If you’re looking for some wholesome and enriching activities to balance out the inevitable nighttime debauchery you’ll experience in Berlin, the city has enough art spaces and museums to get you through a week’s worth of hangovers. As part of our City Experiences series with AmEx and with the help of Highsnobiety’s Image Director Dominik Schulte, we’ve curated a list of those you shouldn’t miss on your next trip.

Germany’s modern history has been thoroughly documented, but a visit to Berlin offers the opportunity to fully immerse oneself in its stark realities. Even simply walking down the street, those with a sharp eye will notice unrepaired bullet markings still scarring pre-war buildings, while museums, monuments, and remnants of the past exist citywide illustrating this aspect of its history in great detail.

However, you’d be mistaken in thinking that this is all Berlin has to offer. In fact, spaces housing photography collections, art exhibits, architectural experiences, and even stories of ancient history can be found in equal, if not greater measure.

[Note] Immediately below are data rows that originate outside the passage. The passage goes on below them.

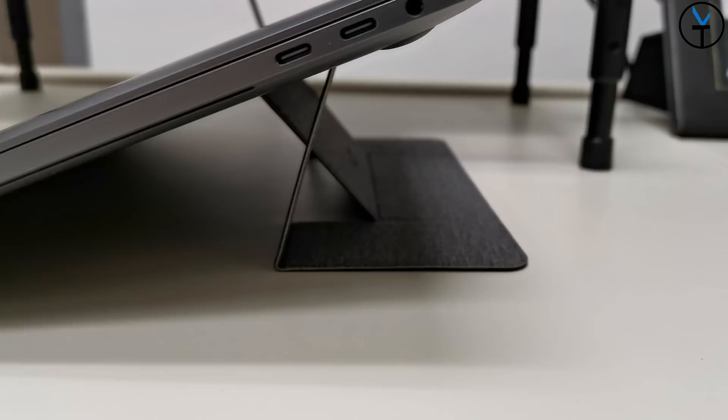Good morning everybody and welcome back to the channel. Today we're taking a look at MOFT. MOFT is trying to be the world's thinnest and lightest laptop stand that you can stick to the back of your laptop and practically just forget that it's there. It's super thin — almost as thick as a quarter — and very light. This is TK and I want to say thank you very much to MOFT for allowing me to check this out and share my experience with you guys.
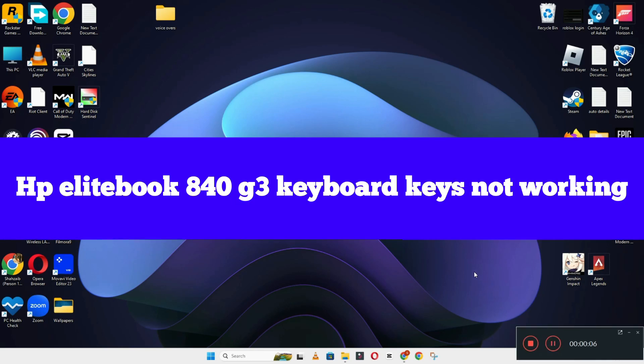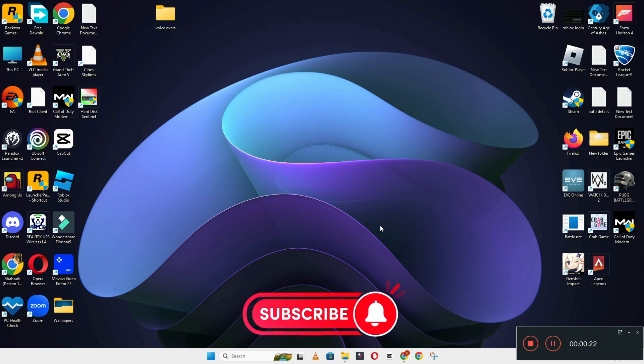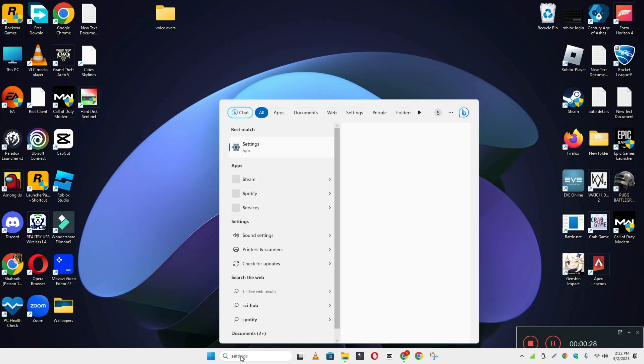Hi everyone. In today's video I'm going to show you how to fix the HP EliteBook 840 G3 keyboard keys not working problem. If your keyboard suddenly stopped working, I'll show you how you can fix it. If you are new to my channel, don't forget to subscribe and press the bell icon. Watch the complete video and learn how you can do it. Let's watch the video.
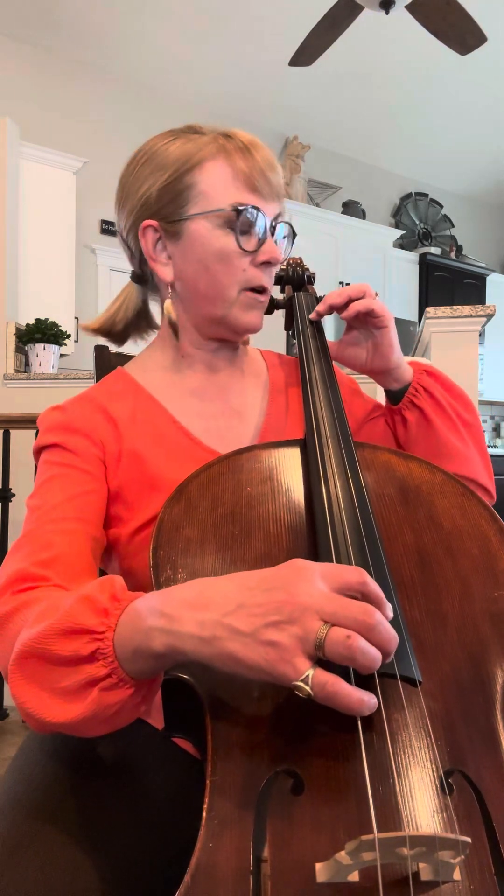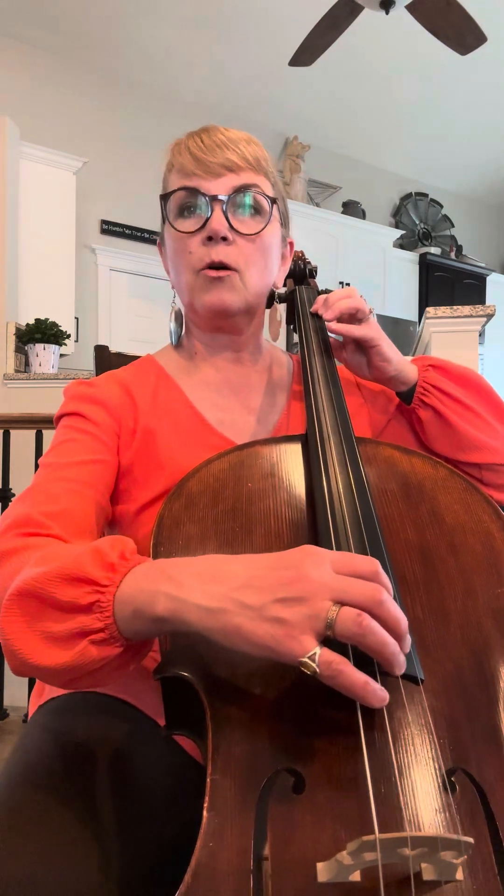I'm going to do Stompsicato. This is the cello one and violin part — it's just an octave higher. One, two, and here I go.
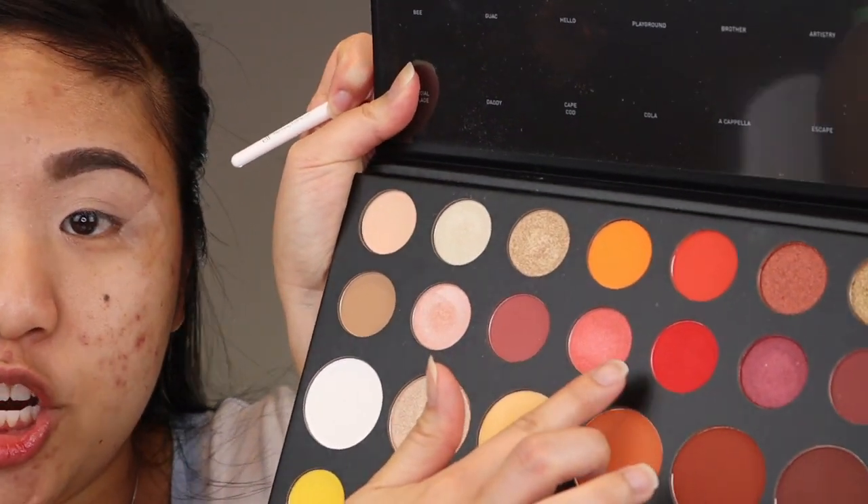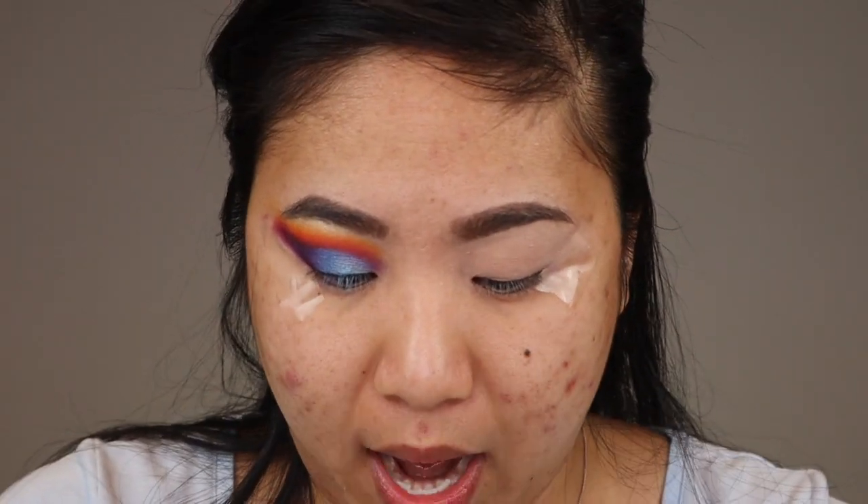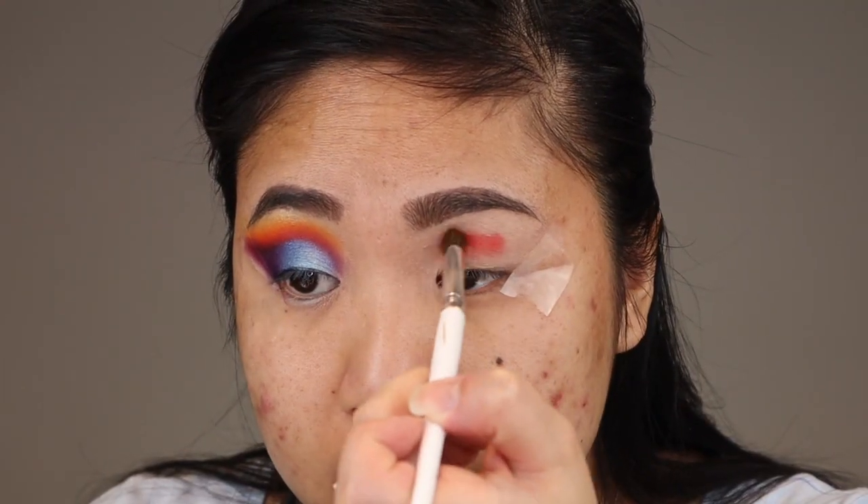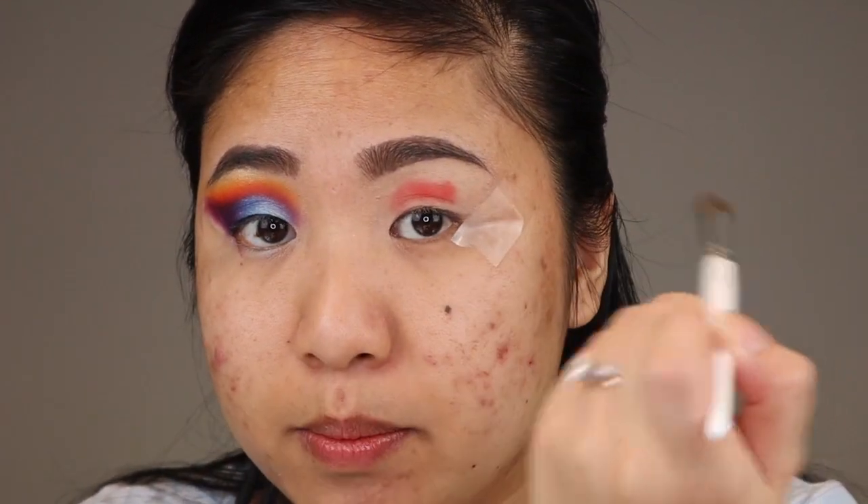Starting off with an ELF blending eye brush I am first going in with the shade You're Kidding, which is a true red, and I'm going to stamp that into the socket of my eye. The color is not nearly as vibrant if you're just going to be blending and blending.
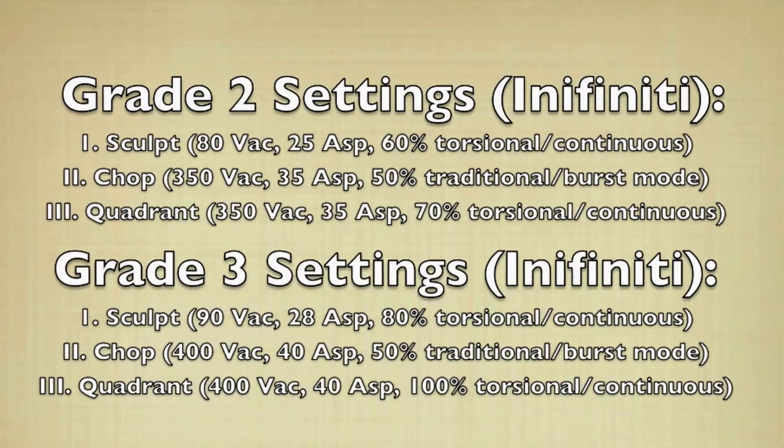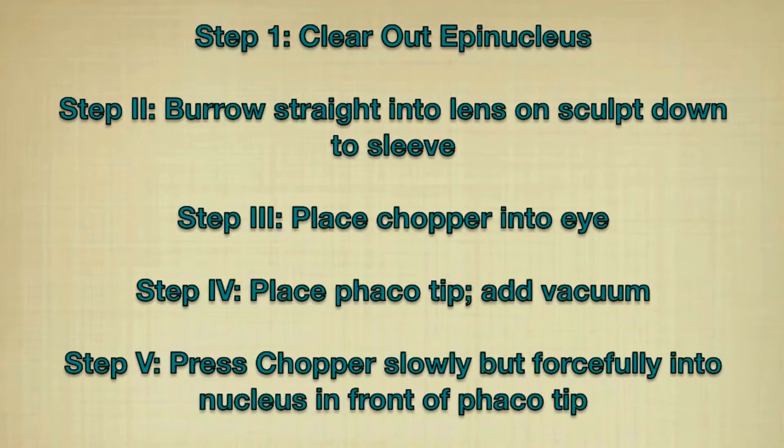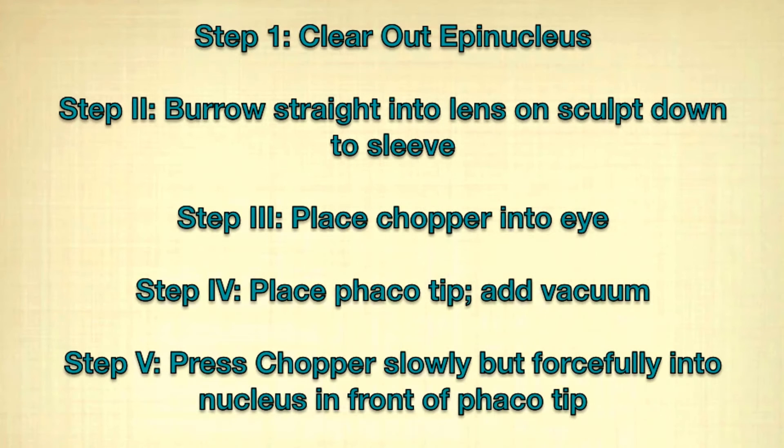I then use continuous ozel to emulsify the quadrants in the quadrant setting. If you haven't watched my horizontal chop video, I recommend watching that first as the same principles apply in terms of preparing the lens to make everything simple. I do this step by step. The only difference being that with a vertical chop case I will add vacuum and really get good purchase on the lens before beginning the initial chop, whereas the horizontal chopper is placed before adding vacuum.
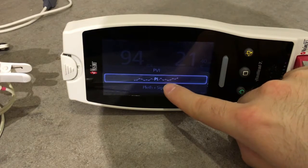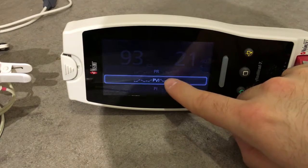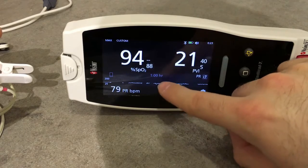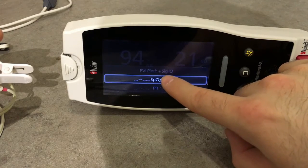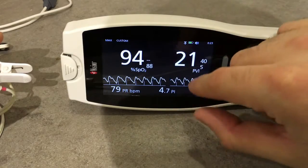We can also display pulse index trend, pulse rate, pulse rate trend, and SPO2 trend. We can really customize everything on this screen.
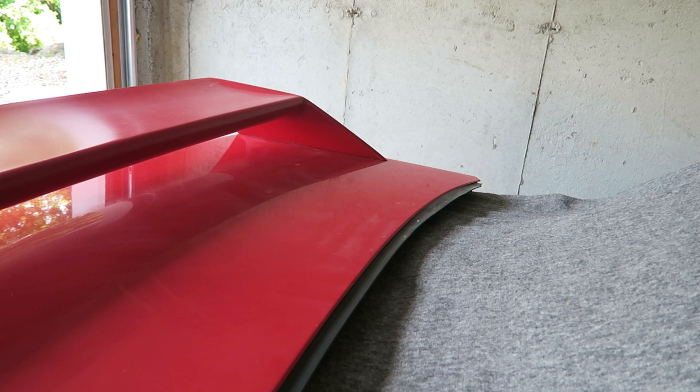Good afternoon everybody, what's happening? Today I wanted to make a quick review video showing you the Meguiar's D300 rubbing compound with a machine, an orbital machine, on an E30 M3 trunk lid with original single stage paint.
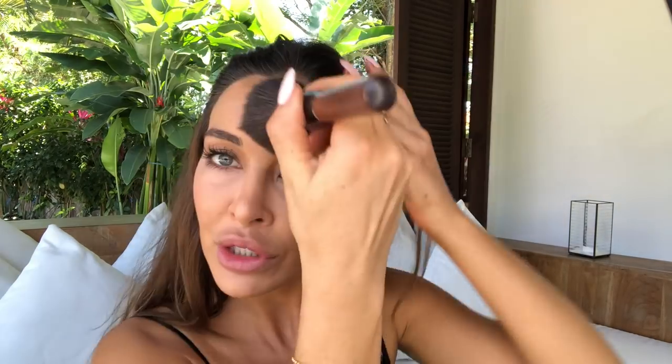For bronzer I love Laura Mercer — just take that around the edges. Clean the lips. My absolute favourite lipstick is Tawny by La Prairie — a little bit more of the pinkish toned. Then a touch of highlighter on the tip of the nose and a touch on the cupid's bow.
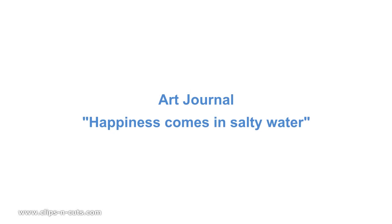Hi, it's Vicky here and welcome to another video where I will be creating an art journal layout.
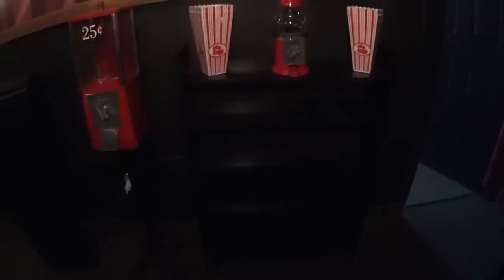Over here I have additional shelving where I can put movies. This is part of what I had in a game room — I didn't want to get rid of them, so I just put them in here until I need more space.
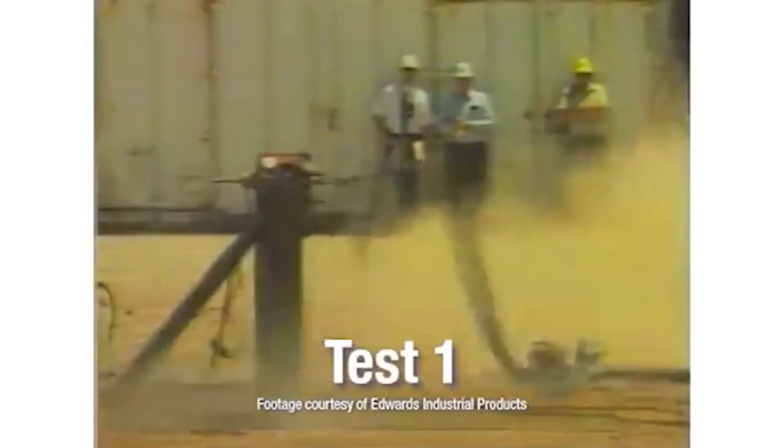Simply put, this is dangerous. Electric dead mans are also more reliable in climates where control freezing is sometimes an issue. In this example, you can see an extreme example of what happens to a blast hose when it's released while still pressurized. It's lethally dangerous.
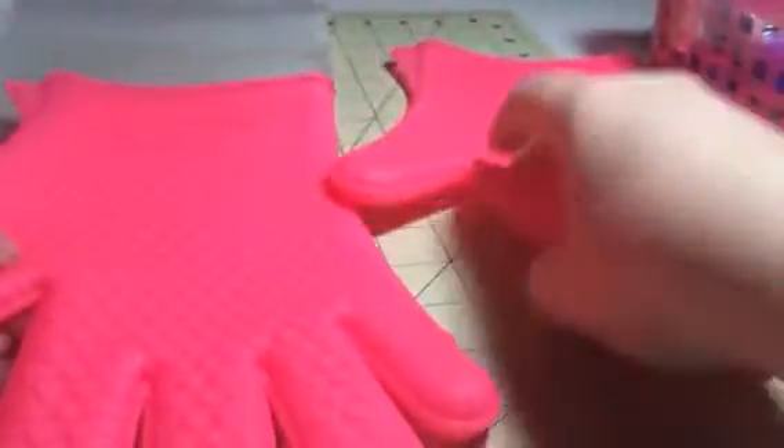Hey everybody, it's Stephanie from Soofsake's Diva. Today I'm reviewing this great little set of oven mitts. Nice hot pink color, silicone, but BPA free, so they're okay to use around foods.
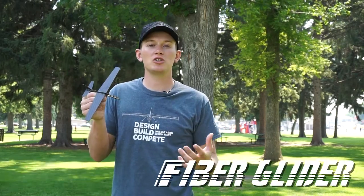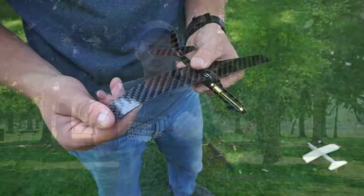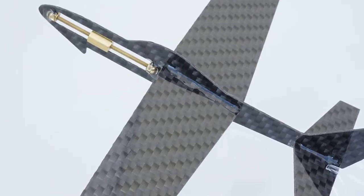Hi, my name is Trey Sorensen and I'm the creator of the FiberGlider and I wanted to introduce it to you today. The FiberGlider is made out of high quality carbon fiber, which is strong, lightweight and looks amazing.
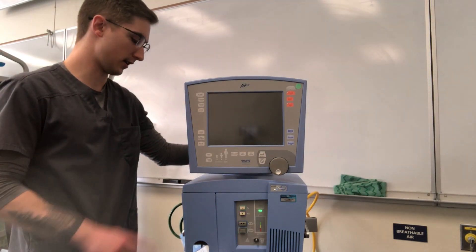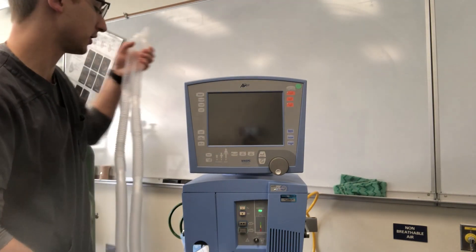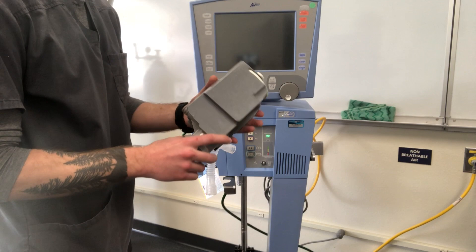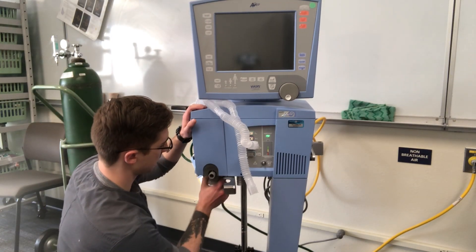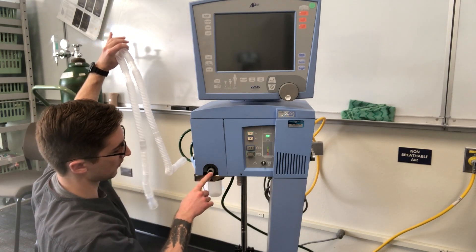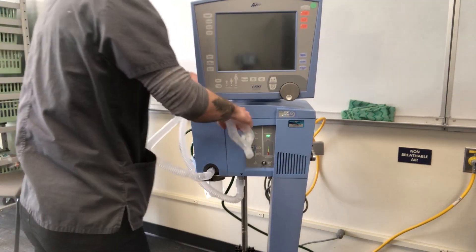The Avea ventilator uses a basic Y circuit, so any basic Y circuit can be used with humidification or with just a plain HME. It uses an expiratory filter, which is reusable — there are also disposable models. The filter slides in firmly and a water trap is below. The inspiratory side is here and the expiratory side is towards the expiratory filter.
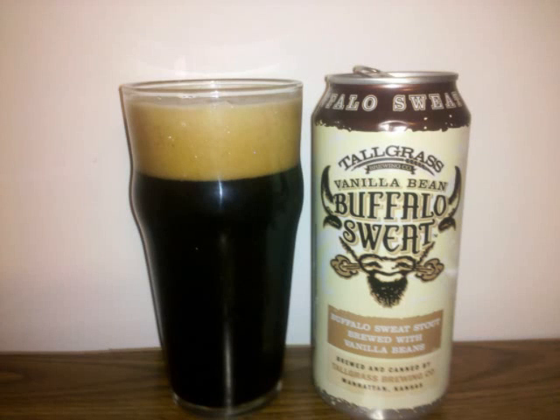Tall Grass Vanilla Bean Buffalo Sweat is a milk stout with 5% ABV. It's an opaque, black-bodied beer with a large khaki-colored head floating atop. Layered rings of lacing remain behind on the glass.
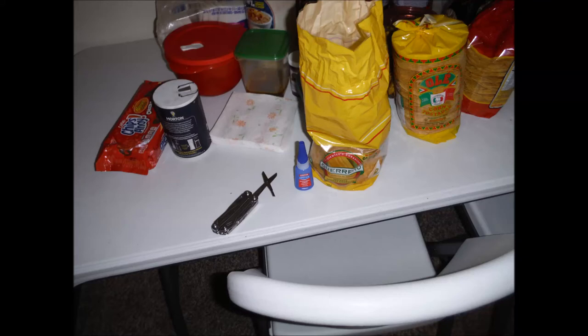In this video, I will be repairing a pinhole in a mattress. You will need a pair of scissors, a grocery bag, and a thin super glue for this.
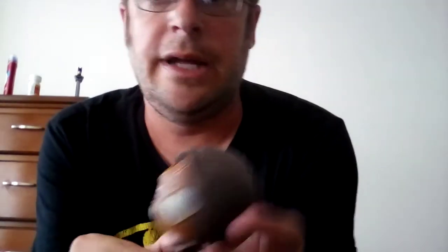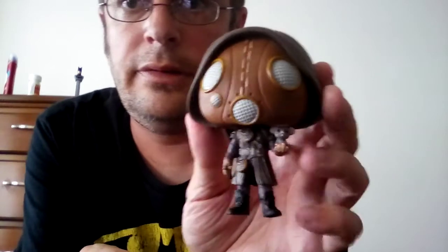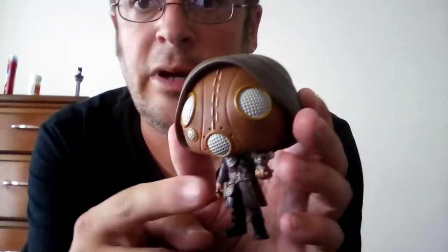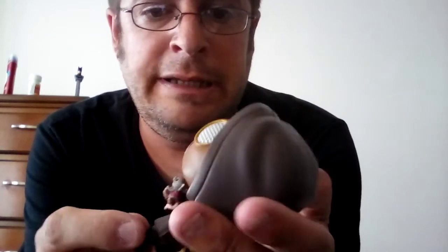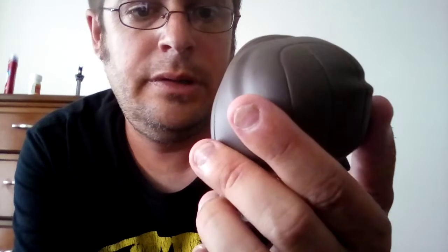I'll open the box now. There's great detailing on the hoodie, great paint job on that. Awesome detail on the mask — it's a gas mask he's wearing. He was a pretty cool character in the movie. I like how they have the mouse in her hand. Great detail on her suit. Pretty cool. I really like the fact that they put the mouse in her hand — it's awesome. Great detail on this overall.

The city’s streets meanwhile are a gallery unto themselves and some of Berlin’s art and museum spaces are even worth visiting purely for the incredible buildings in which they are housed.

“With over 400 galleries and an incredible selection of international artists, Berlin is a leader on the global art circuit,” explains Schulte. “If you come to Berlin, you’ll find art flourishing on every corner, be it street art or a new gallery space opening, there’s always something new.”

Thanks to a contemporary culture unlike anywhere else in the world, both established and emerging artists flock to the city for its low living costs, progressive nature, and free-spiritedness. As a result, there’s not only a lot to see but there’s a distinguished diversity to the calendar. “Berlin’s art spaces are so unique because they enable collectors and artists to work closely together, creating amazing experiences and exhibitions,” says Schulte. On any given week, you’re just as likely to discover unique performance art and one-off pop-ups as you are high-profile exhibitions and, as Schulte already noted, there’s never a shortage of something new, making most locations worth revisiting.

With so many spaces spread across the city, it’s impossible to include them all but our list will give you the most bang for your buck and help you see Berlin through Highsnobiety’s lens. Take notes and plan your day with the map at the bottom.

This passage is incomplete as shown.